Amos is speaking sarcastically when he suggests that the people sacrifice and tithe more often. "If you bring your tithes every three days (NKJV, AMP) instead of every three years," he says, "maybe your god, Baal, will respond." This sounds somewhat like Elijah's sarcastic comments in I Kings 18:27.
Amos mentions "leaven" in verse 5. Leaven was not allowed to be in any sacrifice: "No grain offering which you bring to the LORD shall be made with leaven, for you shall burn no leaven nor any honey in any offering to the LORD made by fire" (Leviticus 2:11). Only one offering, the wave loaves on Pentecost, was made with leaven (Leviticus 23:17). A sin offering preceded the offering of the wave loaves, the leavening in them representing the sins still in the congregation of Israel.

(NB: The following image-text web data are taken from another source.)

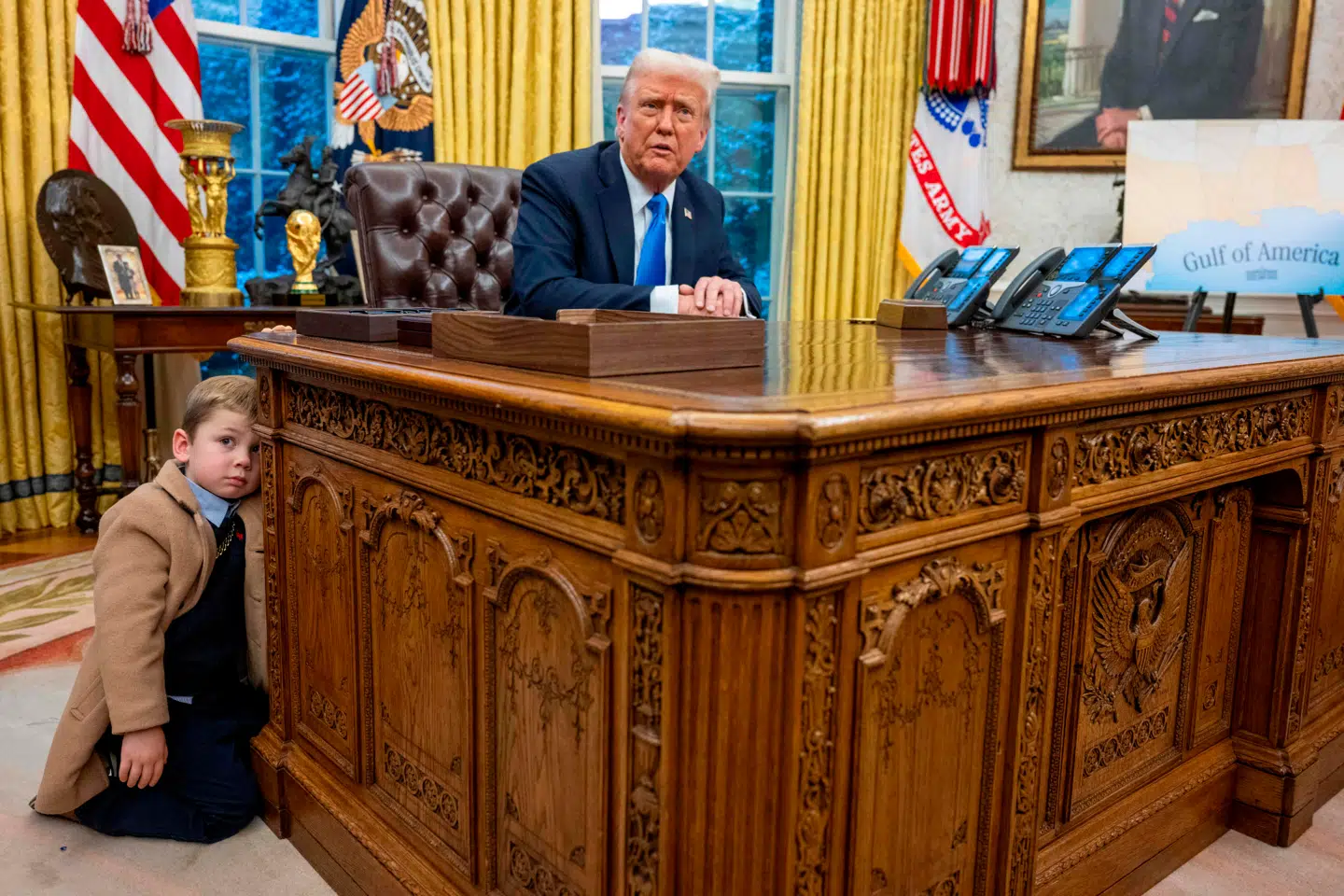 På et tidspunkt gled X Æ A-Xii på knæ ved Resolute Desk.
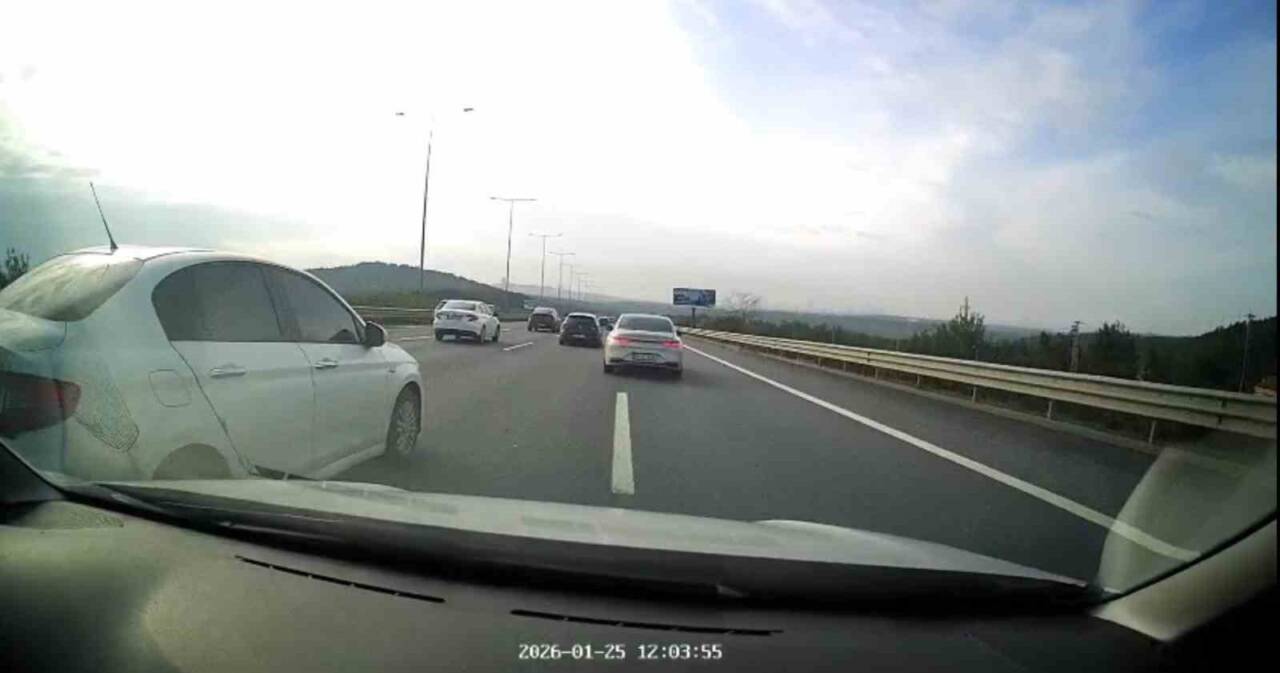 Beykoz'da, Kuzey Marmara Otoyolu’nda 34 FLC 606 plakalı aracın makas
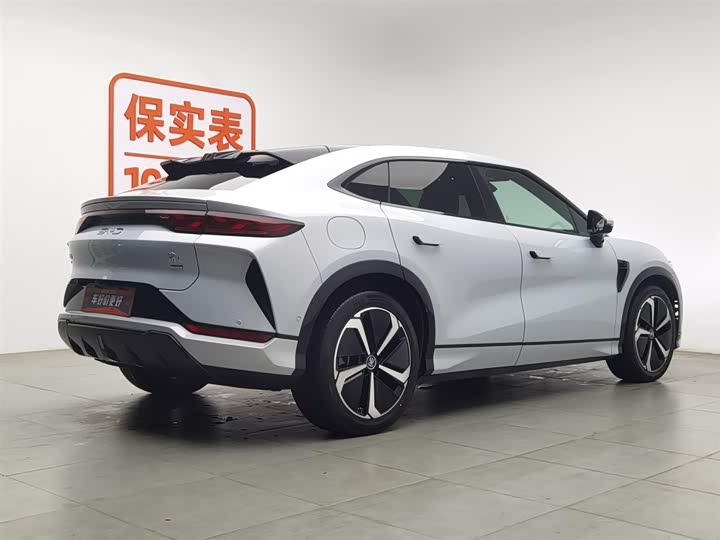 Фото 2 - BYD Song L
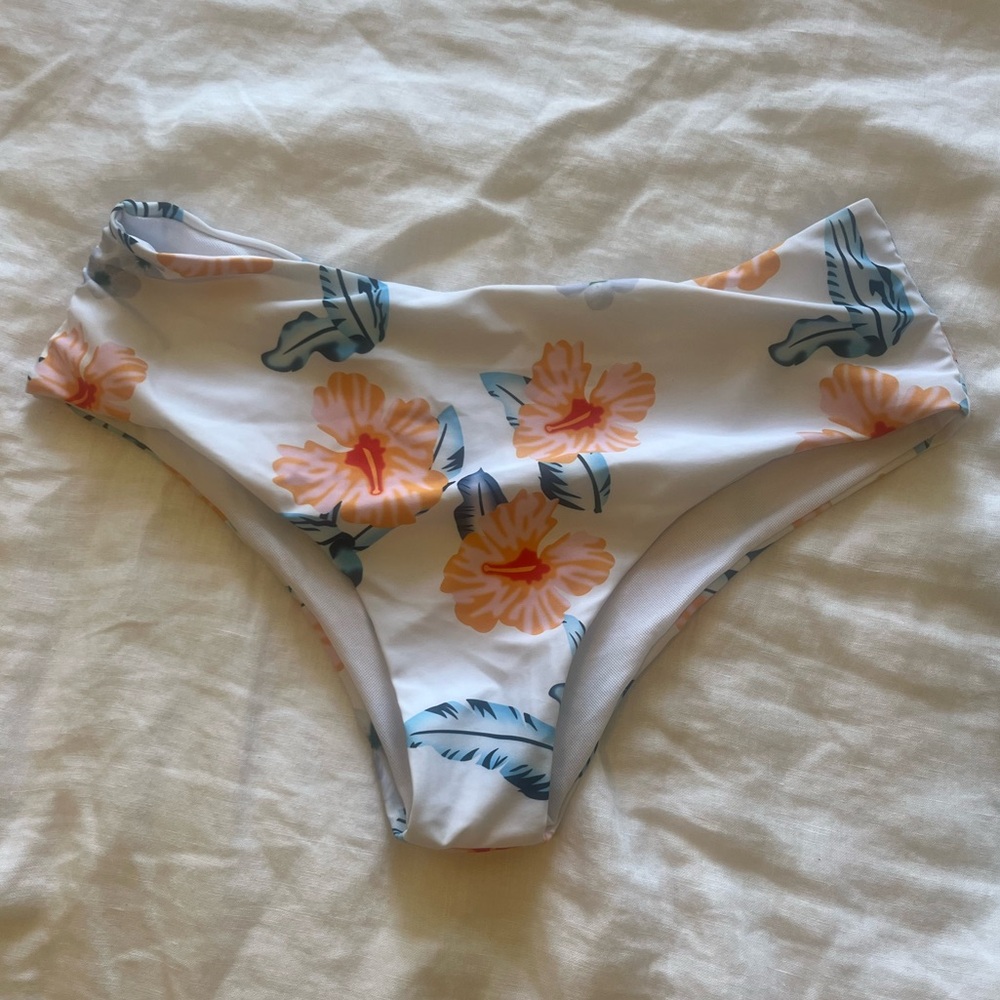 Floral Bikini Bottoms in White with Peach Flowers 🌸
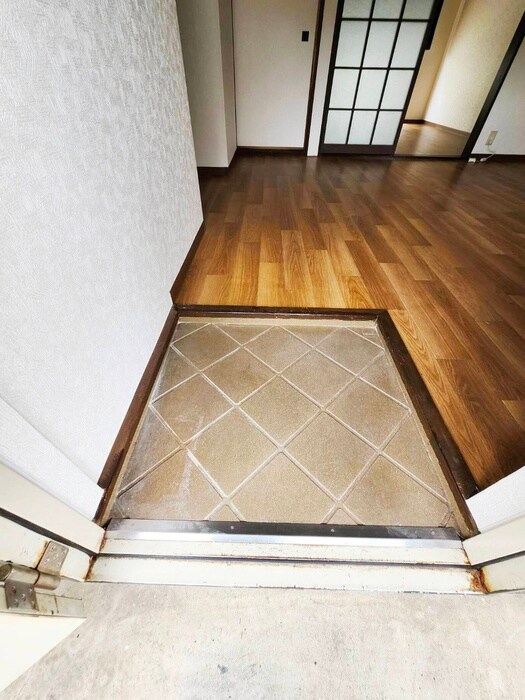 物件内観写真15　(玄関)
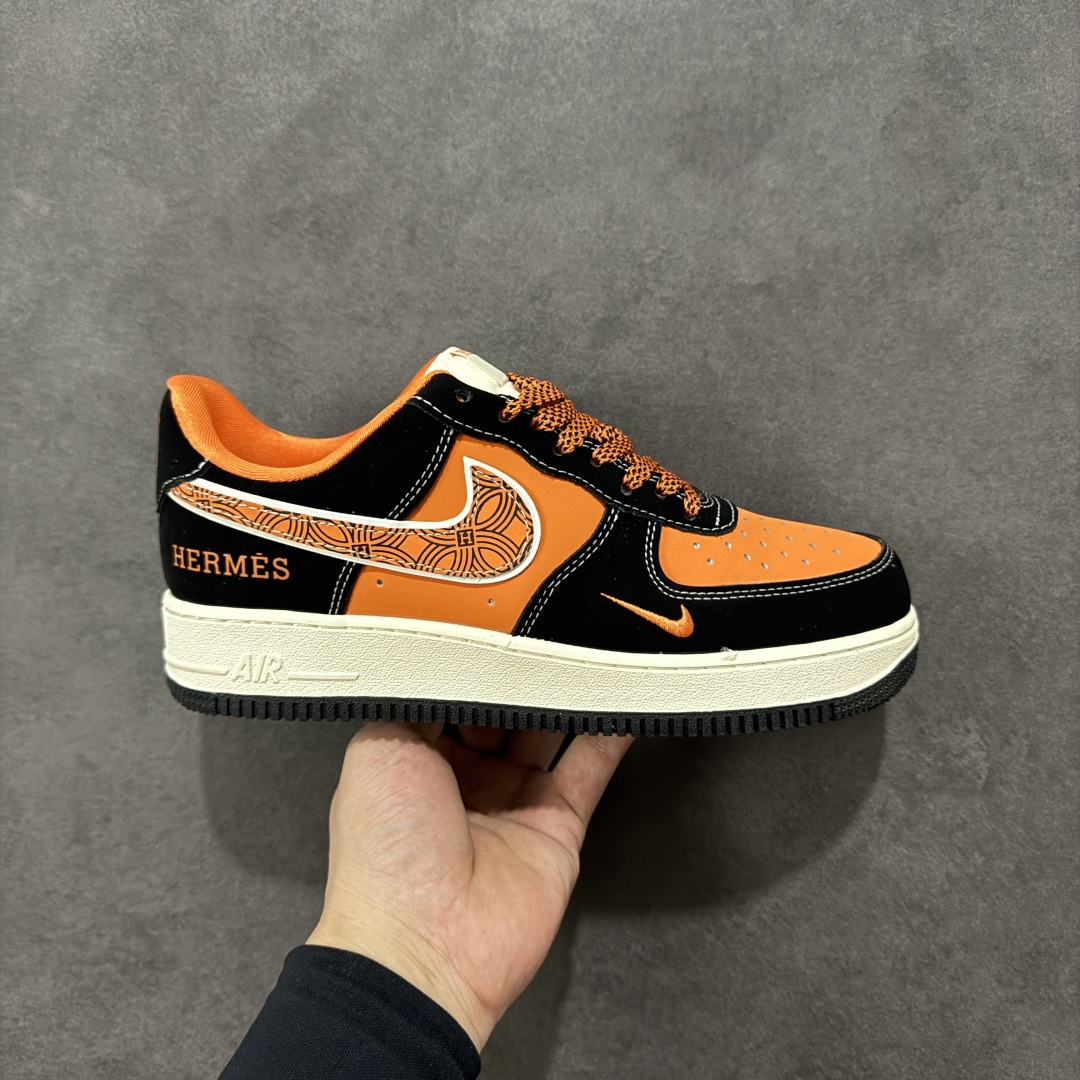 【定制版】Nike Air Force 1 07 HERMES 联名 黑橙 货号:XL1979-112 尺码:36 36.5 37.5 38 38.5 39 40 40.5 41 42 42.5 43 44 44.5 45 编码:HXSA310320-选品中心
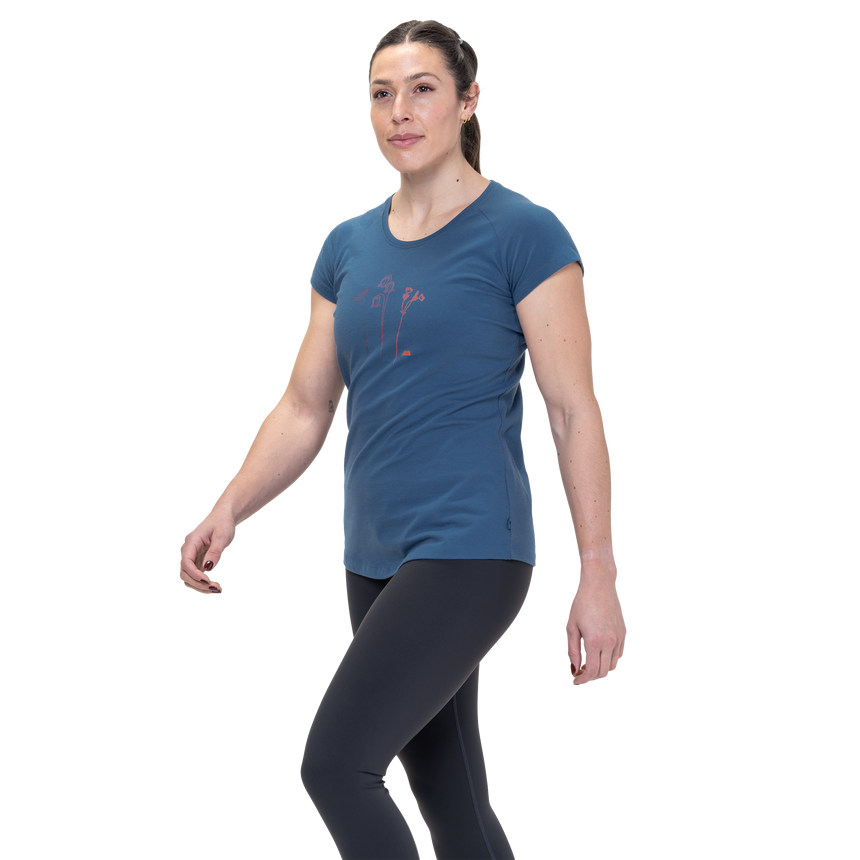 Mountain Equipment Mountain Flower Women's Tee Outdoor Action Stellar Blue- Slim-fitting silhouette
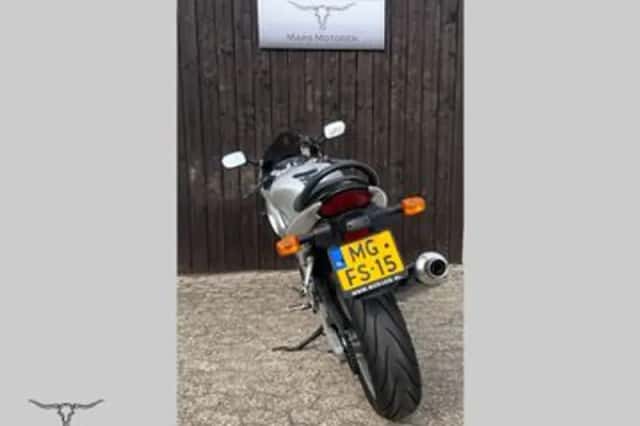 Suzuki SV650S (2002) thumbnail 3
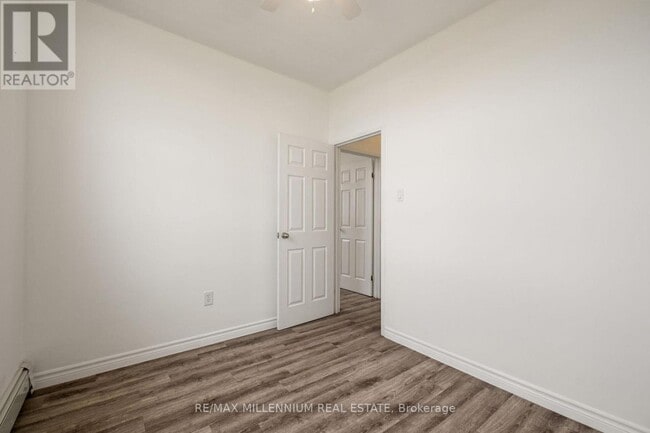 Building Photo - 420 Greenhill Ave
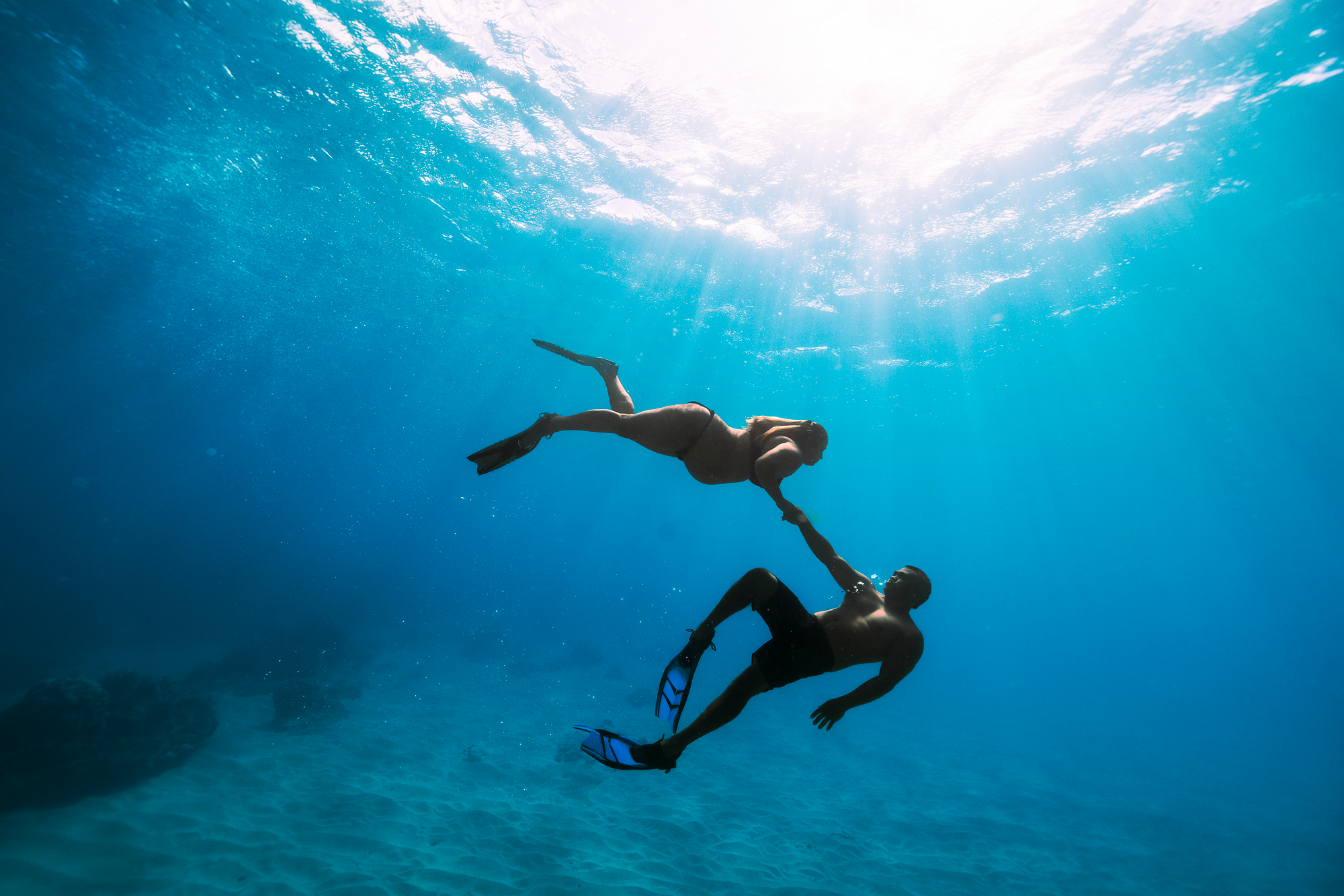hawaii-maternity-photographer-babymoon-underwater-maternity-photos-oahu-15.png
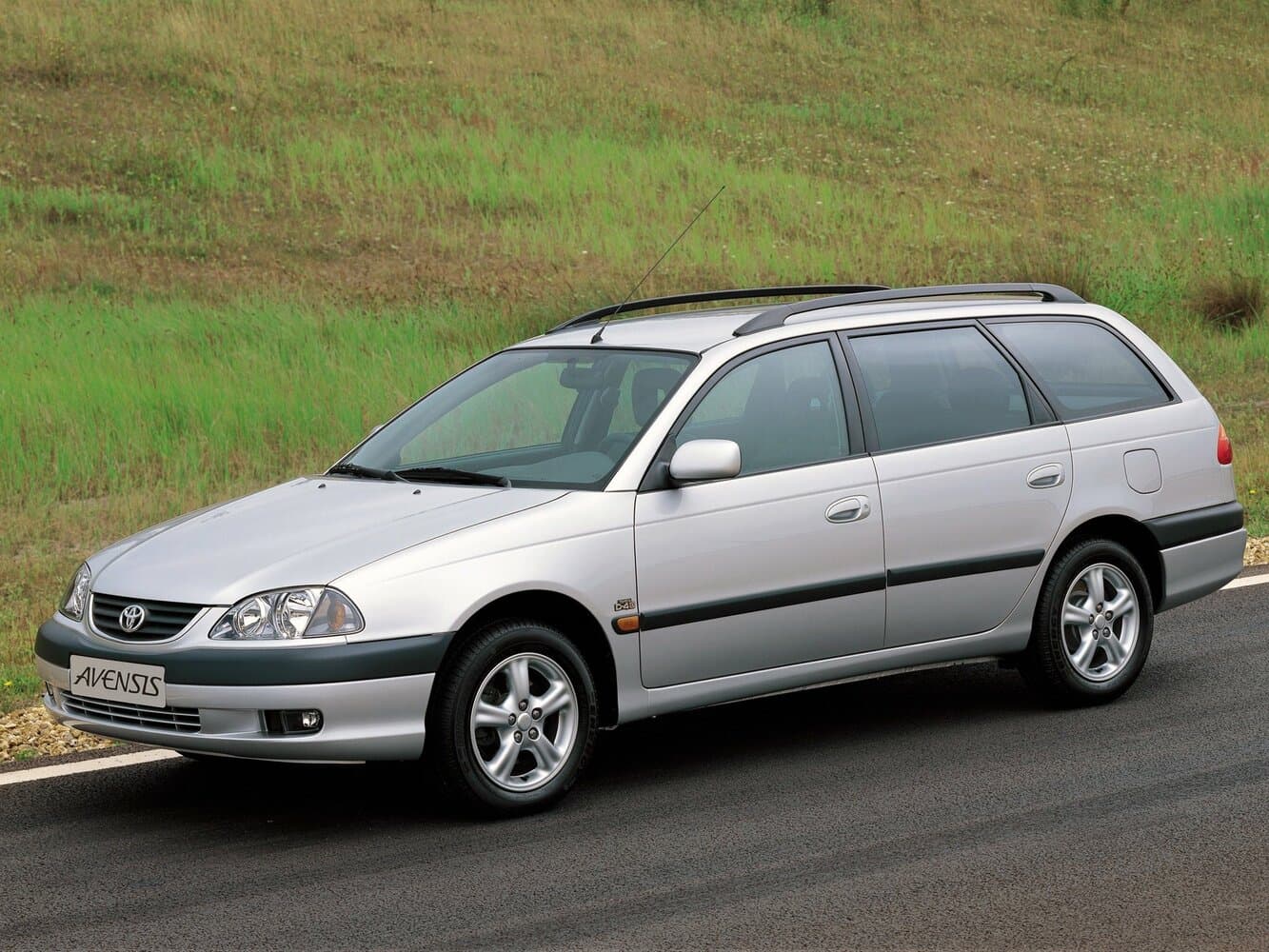 Toyota Avensis I Рестайлинг Универсал 5 дв.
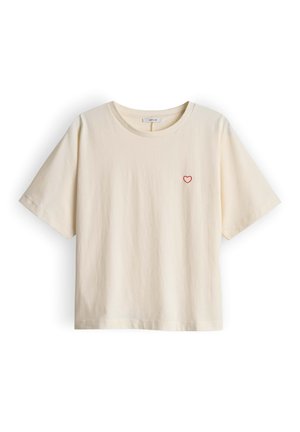 Roomkleurig T-shirt met korte mouwen, met een klein rood hartje geborduurd op de linkerborst, ronde hals en een ontspannen pasvorm.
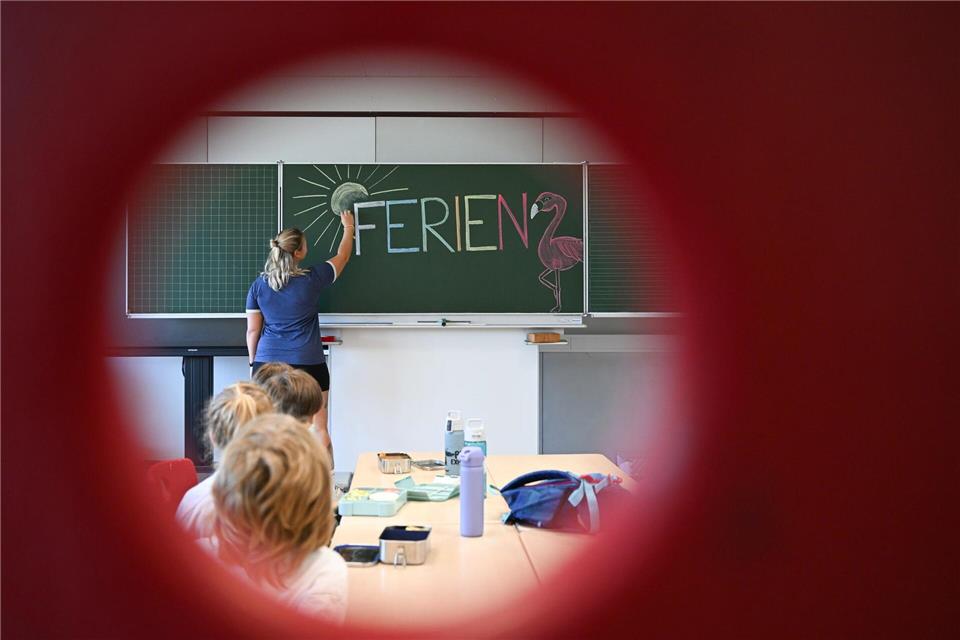 Traditionell gibt es in Deutschland viele unterschiedliche Ferienstarttermine. (Symbolbild)Bernd Weißbrod/dpa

Here, Amos' sarcasm continues. The Israelites might as well have been making all their sacrifices with leaven because all their traditions, doctrines, customs, and religious duties were nothing but vanity. Even though they were sincere in doing them, they were nevertheless a leaven brought in from the world. In like manner, Jesus tells us to beware of the leaven of the Pharisees and Sadducees (Matthew 16:6-12), that is, of their doctrine and their traditions.
Even a quick glance at modern religious practices reveals how thoughtlessly people accept the doctrines and traditions they have learned—without proving them. Millions of sincere people attend church every week, celebrate the holidays, and send their children to church schools without ever proving their beliefs. They sing in the choir and donate generously when the plate is passed, but they do not really know—have an intimate relationship with—the god they worship. They just blindly accept the leaven they were taught while growing up.